* **WHAT YOU WILL DO**: Return only the lines from the one that contains "this 1140×641 image." through the last line of the records below, exactly as they stand. Pictures are not part of the copy.

* **Images for object localization**:
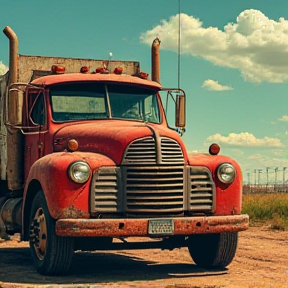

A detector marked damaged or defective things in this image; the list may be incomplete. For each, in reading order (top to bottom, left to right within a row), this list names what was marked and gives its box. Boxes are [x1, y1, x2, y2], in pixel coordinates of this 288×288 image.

rusted metal panel [17, 54, 141, 83]
rusty truck [0, 26, 248, 274]
rusted metal panel [55, 215, 249, 237]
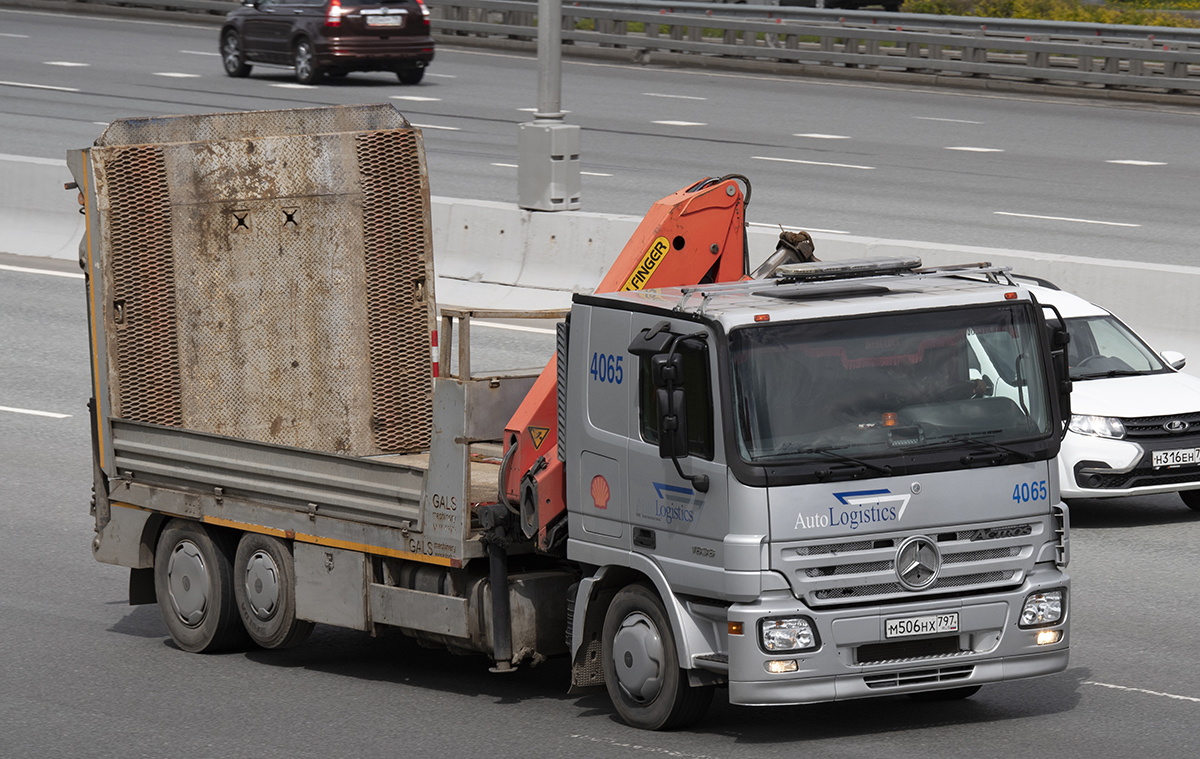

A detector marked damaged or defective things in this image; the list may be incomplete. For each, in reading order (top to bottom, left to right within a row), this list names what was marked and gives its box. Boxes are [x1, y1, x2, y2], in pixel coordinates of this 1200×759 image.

rusty mesh panel [103, 145, 182, 425]
rusty mesh panel [355, 129, 436, 451]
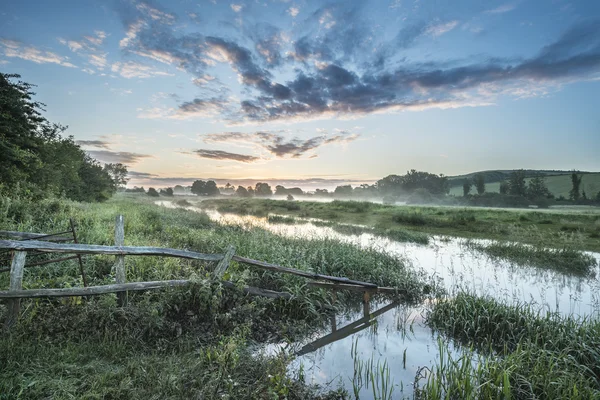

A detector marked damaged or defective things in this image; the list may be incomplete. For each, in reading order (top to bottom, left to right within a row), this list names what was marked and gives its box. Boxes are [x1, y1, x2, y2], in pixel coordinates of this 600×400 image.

broken wooden fence [1, 216, 404, 328]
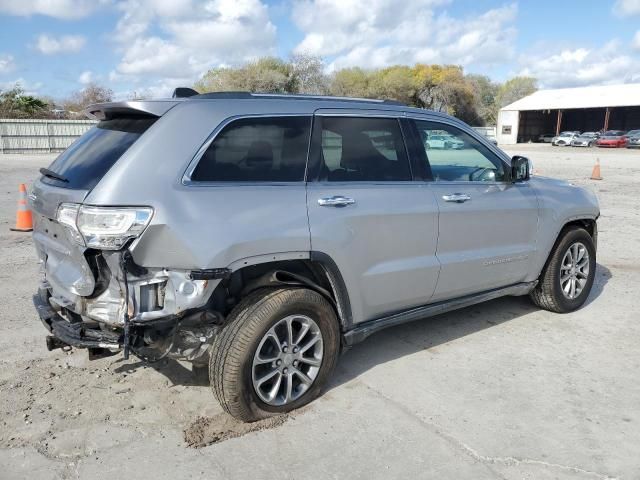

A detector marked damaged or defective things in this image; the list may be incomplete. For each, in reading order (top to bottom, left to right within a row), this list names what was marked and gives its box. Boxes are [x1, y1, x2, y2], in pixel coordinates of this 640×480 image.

crumpled bumper cover [32, 286, 121, 350]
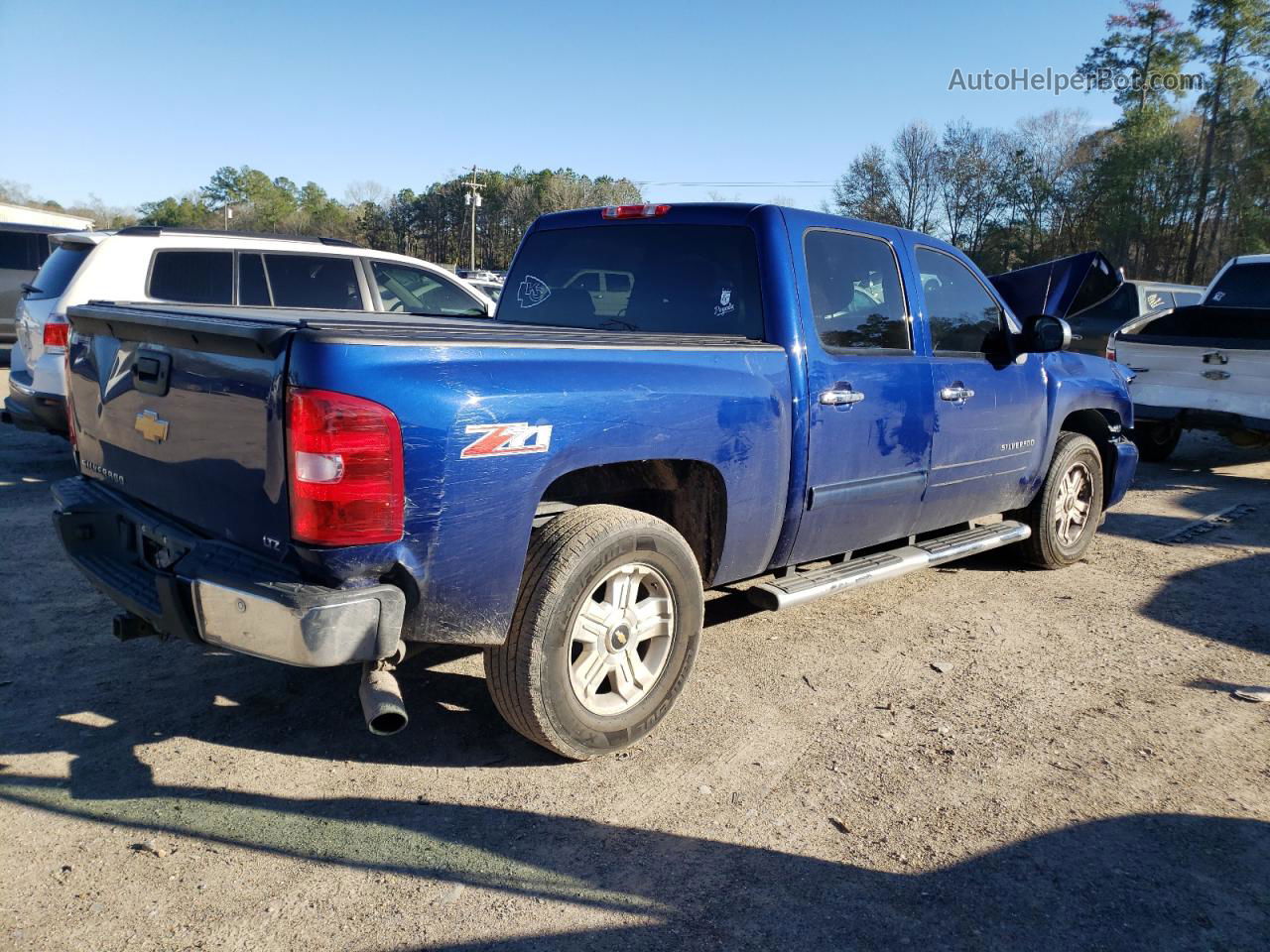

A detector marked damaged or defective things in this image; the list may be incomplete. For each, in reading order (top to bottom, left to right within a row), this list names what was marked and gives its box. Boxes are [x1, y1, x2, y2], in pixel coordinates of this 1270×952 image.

damaged bumper [52, 477, 401, 669]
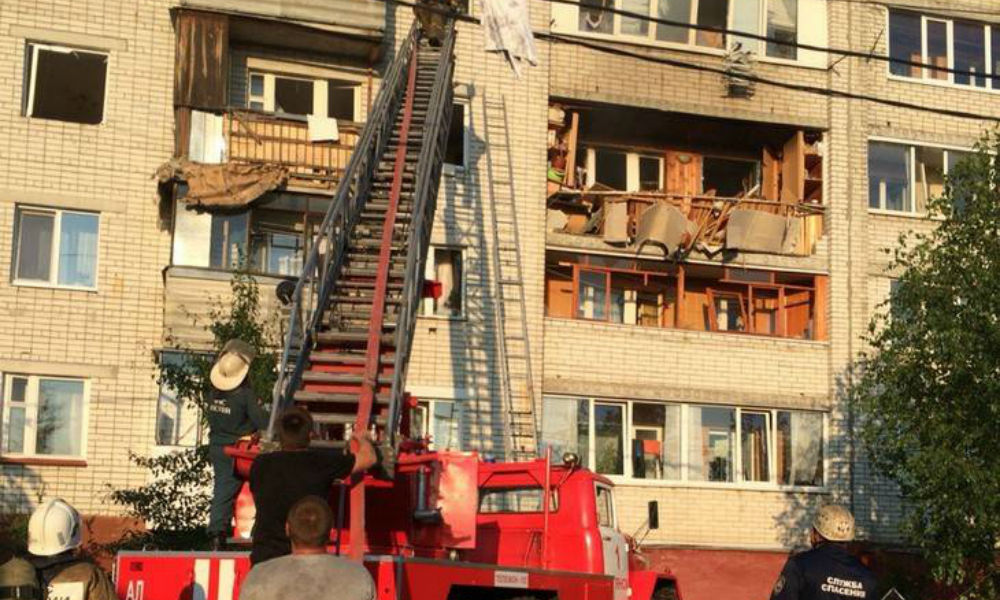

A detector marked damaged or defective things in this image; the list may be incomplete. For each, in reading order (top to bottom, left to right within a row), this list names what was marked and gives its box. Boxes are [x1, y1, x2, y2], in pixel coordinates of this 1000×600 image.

broken window [25, 43, 107, 124]
broken window [274, 76, 312, 116]
broken window [580, 0, 616, 33]
broken window [652, 0, 692, 42]
broken window [696, 0, 728, 48]
broken window [764, 0, 796, 59]
broken window [892, 11, 920, 77]
broken window [948, 21, 988, 87]
broken window [444, 103, 466, 168]
damaged balcony [548, 101, 828, 260]
broken window [704, 157, 756, 197]
broken window [13, 207, 98, 290]
broken window [208, 211, 249, 268]
broken window [424, 246, 466, 318]
damaged balcony [548, 250, 828, 342]
broken window [632, 400, 680, 480]
broken window [688, 404, 736, 482]
broken window [776, 412, 824, 488]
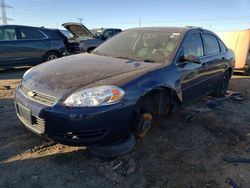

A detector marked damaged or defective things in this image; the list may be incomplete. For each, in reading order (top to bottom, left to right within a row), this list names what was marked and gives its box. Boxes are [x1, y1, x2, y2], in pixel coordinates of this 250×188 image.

damaged hood [61, 22, 94, 39]
crumpled hood [23, 53, 160, 100]
damaged hood [23, 53, 160, 100]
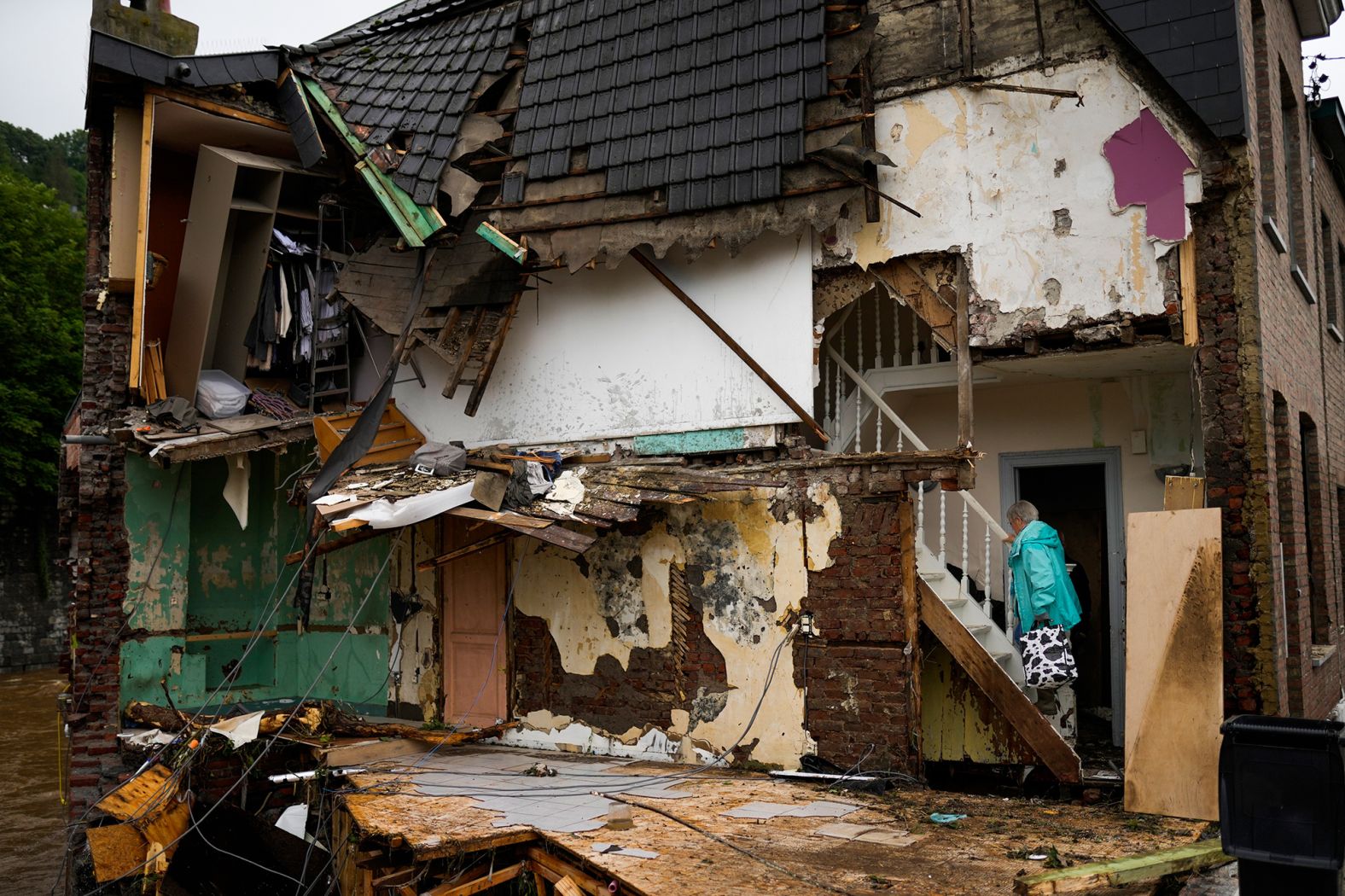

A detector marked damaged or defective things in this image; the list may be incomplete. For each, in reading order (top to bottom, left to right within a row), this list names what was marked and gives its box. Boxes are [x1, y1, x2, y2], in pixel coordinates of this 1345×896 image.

torn roof [292, 0, 840, 216]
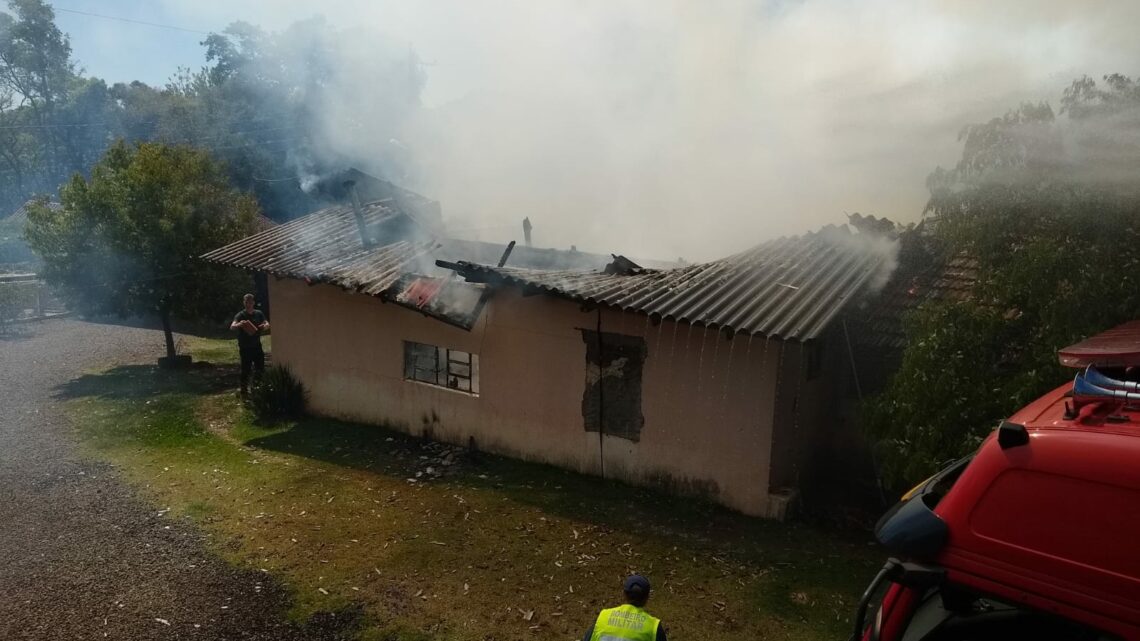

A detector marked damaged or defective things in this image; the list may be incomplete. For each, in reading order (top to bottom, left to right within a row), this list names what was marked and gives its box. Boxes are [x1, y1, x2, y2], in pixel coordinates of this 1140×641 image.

broken window [402, 340, 478, 396]
damaged wall [272, 276, 788, 516]
broken window [580, 330, 644, 440]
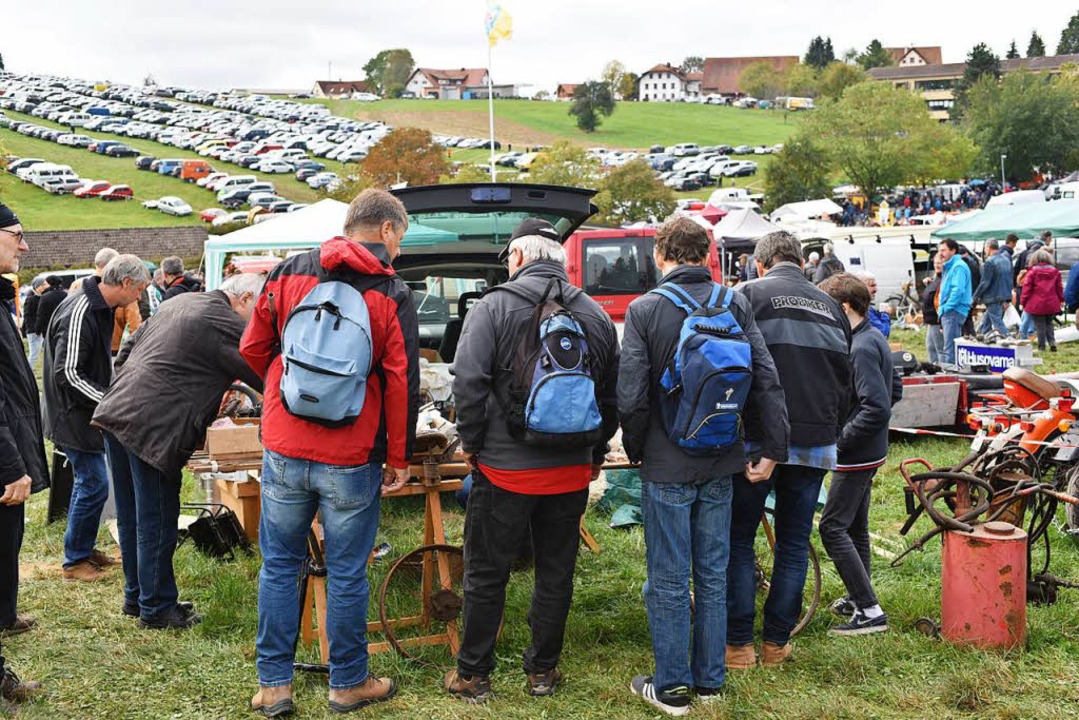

* **RESPONSE BELOW**:
A detector marked damaged or defective things in this image; the list may be incomplete. For each, in reading order (top to bottom, left to right within a row), this list names what was marked and gives its box. Boxes are [x1, y1, x2, y2], in pixel coordinates of this 1140×641 image.

broken window [402, 340, 478, 396]
damaged wall [272, 276, 788, 516]
broken window [580, 330, 644, 440]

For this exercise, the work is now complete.